Yeter artık çekin elinizi Salda’dan. Elinizi attığınız her yeri kurutuyorsunuz. Her konuda çekirge gibi zıplayan Ak Parti İktidarı konu çevre olunca da istilacı çekirgelerden farkı yok. Geriye hiçbir şey bırakmıyorsunuz. Bu da Millet Bahçesinden sonra Salda gölünün hali.

"Biraz döviz için ülkeyi Avrupa'nın çöplüğüne çevirdiniz"

Ormanları biçtiniz. Gölleri kuruttunuz. Dereleri yok ettiniz. Müteahhitler için bin bir takla attınız.
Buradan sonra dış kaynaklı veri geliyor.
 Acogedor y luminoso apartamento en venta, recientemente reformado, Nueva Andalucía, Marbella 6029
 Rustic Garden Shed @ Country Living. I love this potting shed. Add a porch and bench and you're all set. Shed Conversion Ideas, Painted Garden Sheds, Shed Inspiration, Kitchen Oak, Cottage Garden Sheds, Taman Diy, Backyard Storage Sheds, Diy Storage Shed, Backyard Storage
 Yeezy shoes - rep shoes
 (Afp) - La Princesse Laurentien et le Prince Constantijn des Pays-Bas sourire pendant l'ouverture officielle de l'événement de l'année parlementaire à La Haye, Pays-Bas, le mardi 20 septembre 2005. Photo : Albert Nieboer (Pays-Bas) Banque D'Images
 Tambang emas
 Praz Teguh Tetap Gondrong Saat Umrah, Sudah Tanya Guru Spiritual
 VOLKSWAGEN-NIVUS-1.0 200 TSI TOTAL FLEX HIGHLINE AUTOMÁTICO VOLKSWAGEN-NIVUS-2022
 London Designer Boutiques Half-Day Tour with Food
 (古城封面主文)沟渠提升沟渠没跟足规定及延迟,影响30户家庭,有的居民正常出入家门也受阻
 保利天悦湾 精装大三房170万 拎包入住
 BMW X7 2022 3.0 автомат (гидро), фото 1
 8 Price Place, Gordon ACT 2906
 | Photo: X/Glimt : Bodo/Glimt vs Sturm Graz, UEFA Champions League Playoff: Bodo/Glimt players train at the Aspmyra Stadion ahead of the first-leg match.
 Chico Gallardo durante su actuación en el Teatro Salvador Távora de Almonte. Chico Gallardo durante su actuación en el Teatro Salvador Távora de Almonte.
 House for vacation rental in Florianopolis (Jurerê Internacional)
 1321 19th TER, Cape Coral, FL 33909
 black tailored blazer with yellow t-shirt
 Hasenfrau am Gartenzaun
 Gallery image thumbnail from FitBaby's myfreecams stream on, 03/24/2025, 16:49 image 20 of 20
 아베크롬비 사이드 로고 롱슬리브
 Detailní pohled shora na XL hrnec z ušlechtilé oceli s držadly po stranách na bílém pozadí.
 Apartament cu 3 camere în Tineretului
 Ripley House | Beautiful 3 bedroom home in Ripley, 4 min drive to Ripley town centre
Dipsiz gölü dibinde hazine var diye yok ettiler. Gölü kapattılar toprağı boşaltıp tankerlerle su taşıdılar. Orijinal gölü yok edip çakmasını yaptılar. Kaz Dağları da şimdi cansız hale geldi. Termik santral bacalarına sırf biraz maliyeti var diye filtre bile taktırmıyorsunuz. İnsanları zehirlediniz. Avrupa'dan en çok çöp ve plastik ithal eden ülke olduk sizin iktidarınızda. Biraz döviz için ülkeyi Avrupa'nın çöplüğüne çevirdiniz. Altına imza atıp inşaat için derecesini düşürdüğünüz kaç tane sit alanı var? Tek gördüğümüz, cebinizi doldurmak için memleketi peşkeş çektiğiniz. Güzelim ülke sizin yüzünüzden çöle döndü. Siz çevreciliği beton yığını yapmak zannediyorsunuz. Ak Parti demek çevre düşmanlığı, para hırsı demektir, bu kadar net.